**EXERCISE**
Leave every picture out and print exactly the lines that run from the one containing "Lacoste - SweaT-shirts" to the end of the listing.

———

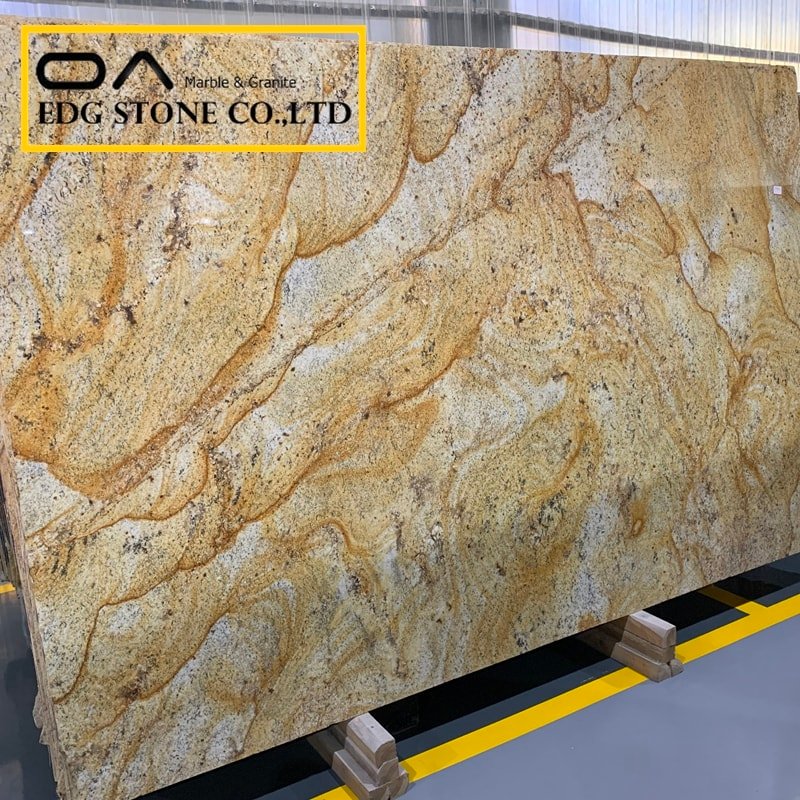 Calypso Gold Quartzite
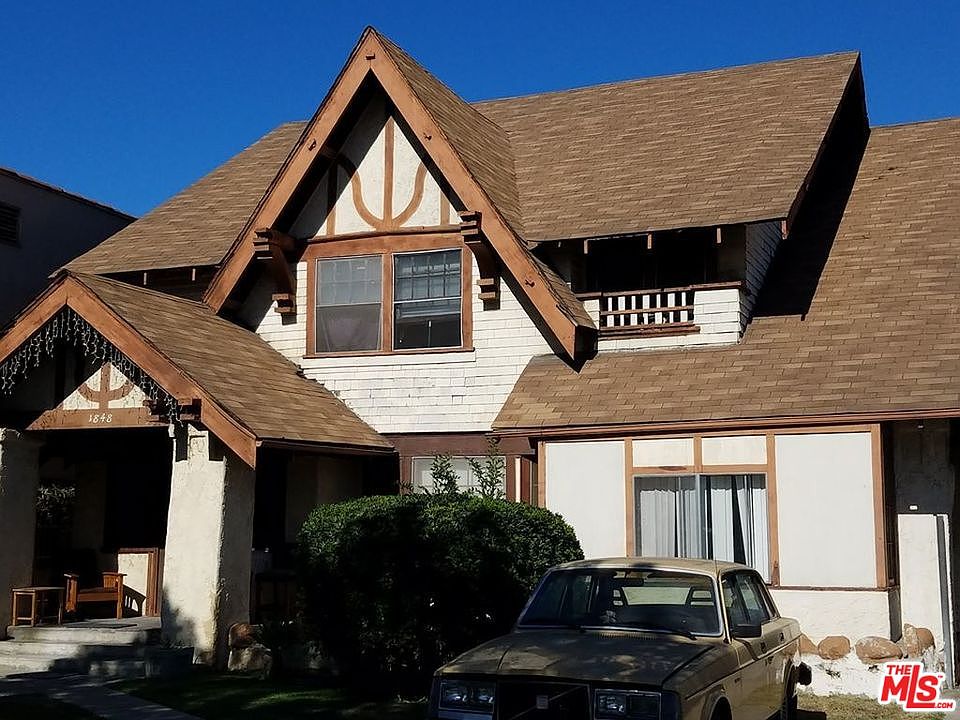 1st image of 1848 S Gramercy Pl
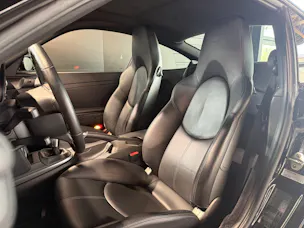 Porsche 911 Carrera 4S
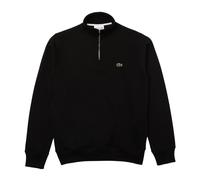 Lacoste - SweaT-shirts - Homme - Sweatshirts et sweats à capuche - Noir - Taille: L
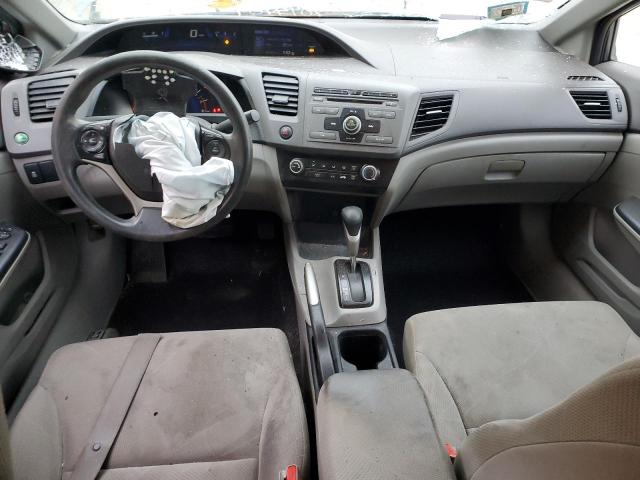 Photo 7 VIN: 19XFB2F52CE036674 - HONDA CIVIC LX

———

**WRITTEN RESPONSE**
 Lacoste - SweaT-shirts - Homme - Sweatshirts et sweats à capuche - Noir - Taille: L
 Photo 7 VIN: 19XFB2F52CE036674 - HONDA CIVIC LX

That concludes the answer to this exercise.